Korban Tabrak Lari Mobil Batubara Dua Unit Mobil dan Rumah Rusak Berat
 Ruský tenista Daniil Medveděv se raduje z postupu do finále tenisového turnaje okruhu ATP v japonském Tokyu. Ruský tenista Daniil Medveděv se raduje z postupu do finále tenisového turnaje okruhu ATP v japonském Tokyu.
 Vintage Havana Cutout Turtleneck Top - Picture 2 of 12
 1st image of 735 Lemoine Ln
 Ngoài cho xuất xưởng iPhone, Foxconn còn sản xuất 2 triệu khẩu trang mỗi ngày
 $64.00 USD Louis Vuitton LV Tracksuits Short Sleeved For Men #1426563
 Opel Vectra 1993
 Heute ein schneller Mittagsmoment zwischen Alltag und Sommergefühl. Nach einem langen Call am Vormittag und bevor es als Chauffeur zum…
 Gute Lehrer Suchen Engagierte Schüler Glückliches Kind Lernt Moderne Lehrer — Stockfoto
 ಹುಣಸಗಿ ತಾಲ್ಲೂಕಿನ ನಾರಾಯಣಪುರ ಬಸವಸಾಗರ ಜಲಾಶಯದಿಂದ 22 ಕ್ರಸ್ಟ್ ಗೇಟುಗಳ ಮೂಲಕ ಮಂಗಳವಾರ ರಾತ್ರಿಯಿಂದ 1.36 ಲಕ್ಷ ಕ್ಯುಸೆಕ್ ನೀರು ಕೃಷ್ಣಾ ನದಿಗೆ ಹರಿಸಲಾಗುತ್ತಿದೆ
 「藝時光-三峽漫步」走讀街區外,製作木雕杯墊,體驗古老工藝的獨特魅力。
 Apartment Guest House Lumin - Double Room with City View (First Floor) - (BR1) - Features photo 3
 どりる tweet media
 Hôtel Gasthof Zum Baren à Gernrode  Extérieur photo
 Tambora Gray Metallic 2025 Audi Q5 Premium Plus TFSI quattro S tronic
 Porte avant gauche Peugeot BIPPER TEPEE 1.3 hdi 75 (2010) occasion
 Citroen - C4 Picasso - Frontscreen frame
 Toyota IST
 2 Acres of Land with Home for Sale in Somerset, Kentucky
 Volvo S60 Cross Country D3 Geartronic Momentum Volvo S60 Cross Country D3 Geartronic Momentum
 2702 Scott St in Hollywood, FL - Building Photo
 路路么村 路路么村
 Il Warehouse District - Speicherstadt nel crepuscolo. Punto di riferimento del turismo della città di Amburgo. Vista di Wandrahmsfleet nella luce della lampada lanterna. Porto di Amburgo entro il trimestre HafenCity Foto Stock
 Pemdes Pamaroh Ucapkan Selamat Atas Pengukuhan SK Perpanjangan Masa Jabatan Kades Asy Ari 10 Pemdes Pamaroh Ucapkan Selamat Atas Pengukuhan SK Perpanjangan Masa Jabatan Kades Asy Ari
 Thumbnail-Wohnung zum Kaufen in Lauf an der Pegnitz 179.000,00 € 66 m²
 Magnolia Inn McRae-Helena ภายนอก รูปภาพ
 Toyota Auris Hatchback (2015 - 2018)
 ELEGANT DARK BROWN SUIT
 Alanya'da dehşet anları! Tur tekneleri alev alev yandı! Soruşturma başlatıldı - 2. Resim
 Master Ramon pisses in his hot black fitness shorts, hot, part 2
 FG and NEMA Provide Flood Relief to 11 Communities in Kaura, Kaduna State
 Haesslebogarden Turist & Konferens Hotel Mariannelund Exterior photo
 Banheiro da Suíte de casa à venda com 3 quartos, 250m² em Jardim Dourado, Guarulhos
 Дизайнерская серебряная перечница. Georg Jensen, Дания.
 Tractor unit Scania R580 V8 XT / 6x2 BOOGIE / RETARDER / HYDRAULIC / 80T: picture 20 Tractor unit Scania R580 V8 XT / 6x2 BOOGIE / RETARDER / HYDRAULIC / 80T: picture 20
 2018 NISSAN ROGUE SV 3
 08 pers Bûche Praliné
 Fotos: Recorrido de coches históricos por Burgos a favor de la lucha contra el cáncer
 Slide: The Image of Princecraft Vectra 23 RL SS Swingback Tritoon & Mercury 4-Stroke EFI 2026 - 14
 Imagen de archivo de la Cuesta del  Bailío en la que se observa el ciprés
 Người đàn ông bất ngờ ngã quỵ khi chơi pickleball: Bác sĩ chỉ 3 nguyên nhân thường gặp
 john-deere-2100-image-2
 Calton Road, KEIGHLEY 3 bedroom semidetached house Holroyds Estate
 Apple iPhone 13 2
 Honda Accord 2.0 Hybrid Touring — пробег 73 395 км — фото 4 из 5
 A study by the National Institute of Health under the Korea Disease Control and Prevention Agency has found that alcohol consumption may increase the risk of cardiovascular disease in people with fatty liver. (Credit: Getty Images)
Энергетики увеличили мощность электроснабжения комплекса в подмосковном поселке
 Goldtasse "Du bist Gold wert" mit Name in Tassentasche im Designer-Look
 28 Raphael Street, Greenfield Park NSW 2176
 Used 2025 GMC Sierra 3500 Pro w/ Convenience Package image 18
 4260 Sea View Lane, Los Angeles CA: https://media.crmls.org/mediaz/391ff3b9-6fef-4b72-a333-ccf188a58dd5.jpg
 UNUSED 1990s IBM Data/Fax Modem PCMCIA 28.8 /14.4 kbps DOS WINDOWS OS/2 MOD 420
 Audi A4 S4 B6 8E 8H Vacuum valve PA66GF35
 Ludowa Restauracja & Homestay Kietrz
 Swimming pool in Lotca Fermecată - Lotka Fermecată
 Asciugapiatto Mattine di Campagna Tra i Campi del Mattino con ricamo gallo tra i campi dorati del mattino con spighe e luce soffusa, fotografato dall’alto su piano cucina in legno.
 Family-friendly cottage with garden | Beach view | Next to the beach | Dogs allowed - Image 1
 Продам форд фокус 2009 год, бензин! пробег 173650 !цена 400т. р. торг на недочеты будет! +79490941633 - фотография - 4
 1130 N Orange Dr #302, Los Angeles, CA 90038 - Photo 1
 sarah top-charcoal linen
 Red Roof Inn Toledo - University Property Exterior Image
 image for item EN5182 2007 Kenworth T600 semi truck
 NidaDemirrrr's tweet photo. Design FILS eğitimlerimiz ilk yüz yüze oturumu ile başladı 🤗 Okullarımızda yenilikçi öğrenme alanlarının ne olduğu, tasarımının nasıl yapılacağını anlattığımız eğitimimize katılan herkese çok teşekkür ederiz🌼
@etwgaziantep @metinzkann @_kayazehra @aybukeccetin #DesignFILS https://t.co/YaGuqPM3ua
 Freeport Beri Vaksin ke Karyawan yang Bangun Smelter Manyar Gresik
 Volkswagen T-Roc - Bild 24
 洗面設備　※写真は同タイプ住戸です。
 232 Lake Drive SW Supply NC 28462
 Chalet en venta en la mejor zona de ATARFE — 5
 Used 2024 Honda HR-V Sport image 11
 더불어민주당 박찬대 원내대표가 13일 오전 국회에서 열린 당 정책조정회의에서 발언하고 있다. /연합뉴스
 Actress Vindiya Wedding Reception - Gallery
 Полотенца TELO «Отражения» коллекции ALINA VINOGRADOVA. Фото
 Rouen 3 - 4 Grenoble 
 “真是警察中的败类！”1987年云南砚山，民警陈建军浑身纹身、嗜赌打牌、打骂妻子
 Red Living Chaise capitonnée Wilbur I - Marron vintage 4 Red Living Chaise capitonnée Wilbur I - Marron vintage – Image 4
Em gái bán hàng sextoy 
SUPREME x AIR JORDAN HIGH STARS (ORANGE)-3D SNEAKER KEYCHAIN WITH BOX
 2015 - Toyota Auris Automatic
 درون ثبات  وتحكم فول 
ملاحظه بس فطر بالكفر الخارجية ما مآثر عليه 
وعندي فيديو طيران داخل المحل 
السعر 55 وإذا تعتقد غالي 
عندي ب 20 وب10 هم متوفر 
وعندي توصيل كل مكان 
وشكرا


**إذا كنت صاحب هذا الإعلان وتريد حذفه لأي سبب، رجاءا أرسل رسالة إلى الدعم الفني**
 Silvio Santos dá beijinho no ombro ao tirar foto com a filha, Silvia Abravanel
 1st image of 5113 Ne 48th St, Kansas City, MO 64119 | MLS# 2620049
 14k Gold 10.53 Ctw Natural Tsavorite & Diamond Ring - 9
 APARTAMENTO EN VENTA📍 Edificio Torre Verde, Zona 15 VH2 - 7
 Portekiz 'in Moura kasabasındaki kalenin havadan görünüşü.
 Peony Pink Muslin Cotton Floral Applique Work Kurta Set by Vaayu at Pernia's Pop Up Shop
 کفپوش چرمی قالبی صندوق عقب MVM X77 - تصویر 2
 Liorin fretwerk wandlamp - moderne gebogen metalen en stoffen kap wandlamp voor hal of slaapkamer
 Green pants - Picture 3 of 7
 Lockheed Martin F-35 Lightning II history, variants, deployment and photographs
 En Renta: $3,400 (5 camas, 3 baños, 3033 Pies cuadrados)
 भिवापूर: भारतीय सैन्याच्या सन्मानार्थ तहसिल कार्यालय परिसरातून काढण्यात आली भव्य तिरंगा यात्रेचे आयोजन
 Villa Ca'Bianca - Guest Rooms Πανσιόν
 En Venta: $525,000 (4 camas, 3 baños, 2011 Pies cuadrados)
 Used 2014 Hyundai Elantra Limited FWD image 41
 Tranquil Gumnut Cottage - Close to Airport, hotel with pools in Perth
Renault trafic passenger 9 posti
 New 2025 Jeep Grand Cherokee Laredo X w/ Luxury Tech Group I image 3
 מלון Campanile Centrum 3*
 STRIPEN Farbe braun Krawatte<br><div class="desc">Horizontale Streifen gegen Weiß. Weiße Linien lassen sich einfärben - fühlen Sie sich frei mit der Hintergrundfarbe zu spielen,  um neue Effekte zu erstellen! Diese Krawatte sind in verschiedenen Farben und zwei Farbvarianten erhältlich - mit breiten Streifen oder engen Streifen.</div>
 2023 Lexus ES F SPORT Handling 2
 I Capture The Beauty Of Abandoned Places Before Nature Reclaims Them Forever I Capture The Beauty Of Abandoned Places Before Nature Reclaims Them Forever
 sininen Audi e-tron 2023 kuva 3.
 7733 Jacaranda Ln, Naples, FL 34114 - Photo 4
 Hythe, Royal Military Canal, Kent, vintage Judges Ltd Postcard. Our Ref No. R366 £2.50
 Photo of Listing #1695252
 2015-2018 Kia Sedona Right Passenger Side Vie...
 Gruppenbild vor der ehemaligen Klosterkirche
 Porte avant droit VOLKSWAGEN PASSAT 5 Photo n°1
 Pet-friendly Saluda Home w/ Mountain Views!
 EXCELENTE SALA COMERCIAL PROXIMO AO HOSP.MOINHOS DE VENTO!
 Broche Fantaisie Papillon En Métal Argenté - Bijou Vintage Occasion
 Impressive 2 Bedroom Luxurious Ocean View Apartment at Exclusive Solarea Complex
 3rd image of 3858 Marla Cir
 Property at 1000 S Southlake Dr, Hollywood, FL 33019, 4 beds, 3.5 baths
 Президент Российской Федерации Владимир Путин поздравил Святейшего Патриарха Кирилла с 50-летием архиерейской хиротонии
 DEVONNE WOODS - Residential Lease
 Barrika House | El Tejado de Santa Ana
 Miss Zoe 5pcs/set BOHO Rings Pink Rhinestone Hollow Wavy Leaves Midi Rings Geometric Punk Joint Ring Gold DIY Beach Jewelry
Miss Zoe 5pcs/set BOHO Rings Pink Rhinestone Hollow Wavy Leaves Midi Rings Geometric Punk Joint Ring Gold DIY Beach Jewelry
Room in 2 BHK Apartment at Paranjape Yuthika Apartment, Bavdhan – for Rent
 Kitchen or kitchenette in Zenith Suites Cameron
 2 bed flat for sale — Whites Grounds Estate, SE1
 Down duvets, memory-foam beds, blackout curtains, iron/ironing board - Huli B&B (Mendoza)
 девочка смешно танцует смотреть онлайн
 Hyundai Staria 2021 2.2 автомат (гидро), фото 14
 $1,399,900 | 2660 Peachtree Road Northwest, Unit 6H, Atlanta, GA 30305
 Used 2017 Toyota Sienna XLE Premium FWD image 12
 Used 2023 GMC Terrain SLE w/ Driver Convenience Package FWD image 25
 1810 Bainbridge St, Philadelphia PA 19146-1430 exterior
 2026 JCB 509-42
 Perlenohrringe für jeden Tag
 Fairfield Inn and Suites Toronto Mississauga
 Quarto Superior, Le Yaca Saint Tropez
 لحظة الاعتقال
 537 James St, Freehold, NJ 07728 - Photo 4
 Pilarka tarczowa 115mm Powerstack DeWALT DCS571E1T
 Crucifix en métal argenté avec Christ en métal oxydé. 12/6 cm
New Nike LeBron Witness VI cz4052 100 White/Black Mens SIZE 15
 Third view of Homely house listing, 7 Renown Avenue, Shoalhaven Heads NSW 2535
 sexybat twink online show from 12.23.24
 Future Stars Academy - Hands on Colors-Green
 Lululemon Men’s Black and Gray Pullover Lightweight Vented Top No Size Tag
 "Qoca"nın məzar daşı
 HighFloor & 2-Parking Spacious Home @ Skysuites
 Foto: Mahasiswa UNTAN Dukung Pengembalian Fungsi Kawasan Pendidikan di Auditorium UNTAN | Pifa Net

=-=-=-=-=

(Goal of the exercise)
Restate verbatim the first line above and all lines after it through the line containing "Gute Lehrer Suchen"; omit the rest.

(Answer box)
Korban Tabrak Lari Mobil Batubara Dua Unit Mobil dan Rumah Rusak Berat
 Ruský tenista Daniil Medveděv se raduje z postupu do finále tenisového turnaje okruhu ATP v japonském Tokyu. Ruský tenista Daniil Medveděv se raduje z postupu do finále tenisového turnaje okruhu ATP v japonském Tokyu.
 Vintage Havana Cutout Turtleneck Top - Picture 2 of 12
 1st image of 735 Lemoine Ln
 Ngoài cho xuất xưởng iPhone, Foxconn còn sản xuất 2 triệu khẩu trang mỗi ngày
 $64.00 USD Louis Vuitton LV Tracksuits Short Sleeved For Men #1426563
 Opel Vectra 1993
 Heute ein schneller Mittagsmoment zwischen Alltag und Sommergefühl. Nach einem langen Call am Vormittag und bevor es als Chauffeur zum…
 Gute Lehrer Suchen Engagierte Schüler Glückliches Kind Lernt Moderne Lehrer — Stockfoto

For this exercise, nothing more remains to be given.